WHAT THIS TASK INVOLVES
Write out the lines of the material below exactly, beginning at the line with "Push Button Operator, Mushroom" and stopping after the line with "Nodische Weisen Opus 63（1986 PDF版）", and leave out the pictures.

RECORDS FOR THIS TASK
┄┄┄┄┄┄┄┄┄┄┄┄┄┄┄┄┄┄┄┄

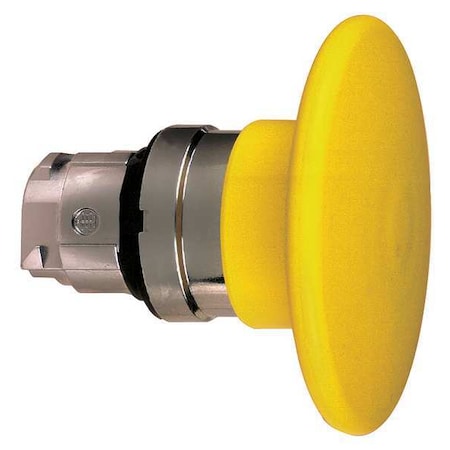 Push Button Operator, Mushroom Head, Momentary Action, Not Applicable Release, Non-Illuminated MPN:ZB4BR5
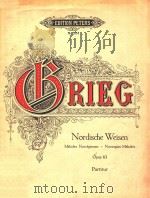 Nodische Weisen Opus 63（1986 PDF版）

┄┄┄┄┄┄┄┄┄┄┄┄┄┄┄┄┄┄┄┄

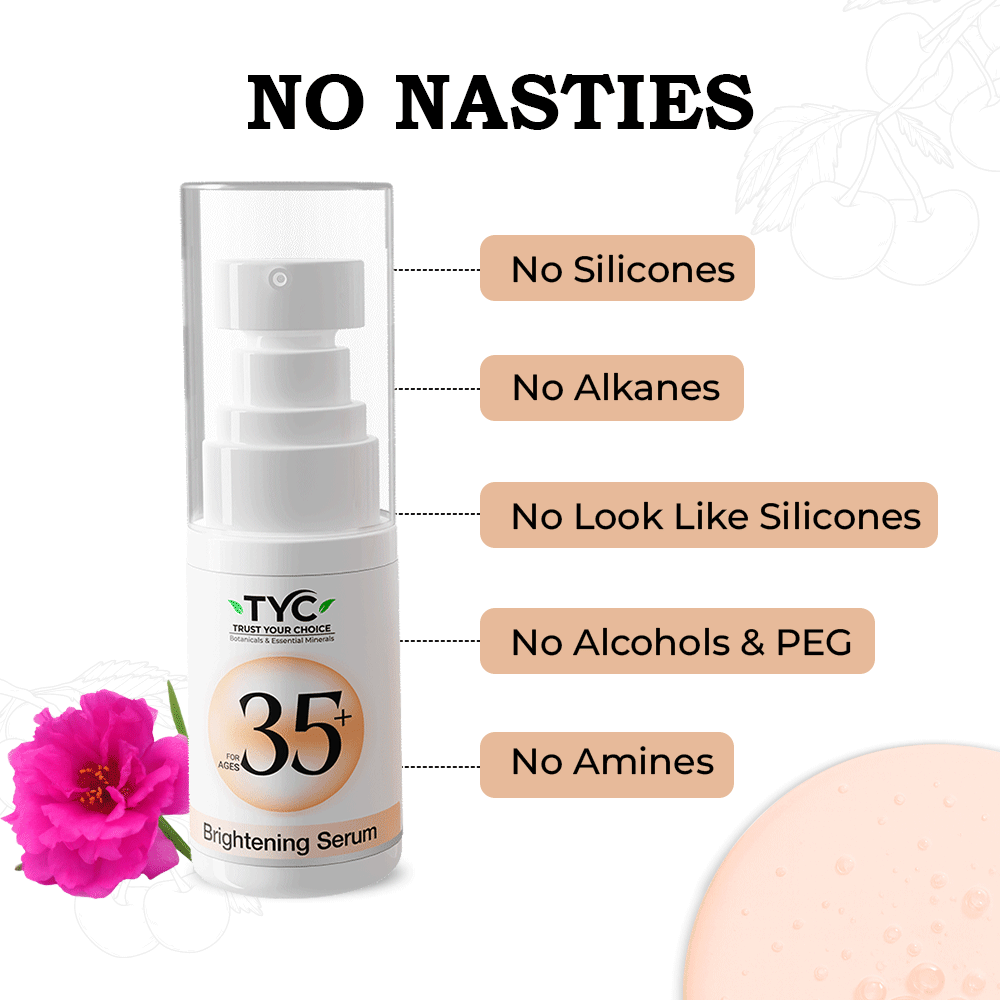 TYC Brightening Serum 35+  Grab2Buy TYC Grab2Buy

┄┄┄┄┄┄┄┄┄┄┄┄┄┄┄┄┄┄┄┄

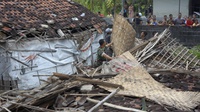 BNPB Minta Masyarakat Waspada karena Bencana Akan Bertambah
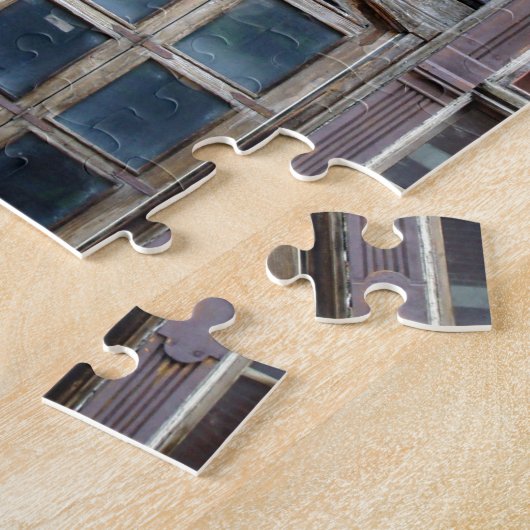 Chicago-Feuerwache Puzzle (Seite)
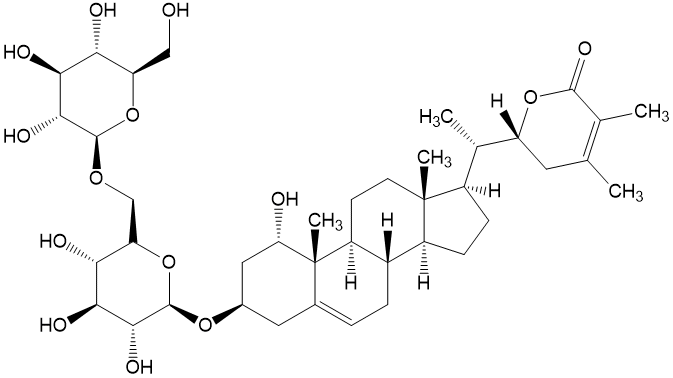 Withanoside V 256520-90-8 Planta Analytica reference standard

┄┄┄┄┄┄┄┄┄┄┄┄┄┄┄┄┄┄┄┄

SOLUTION TO THE EXERCISE
 Push Button Operator, Mushroom Head, Momentary Action, Not Applicable Release, Non-Illuminated MPN:ZB4BR5
 Nodische Weisen Opus 63（1986 PDF版）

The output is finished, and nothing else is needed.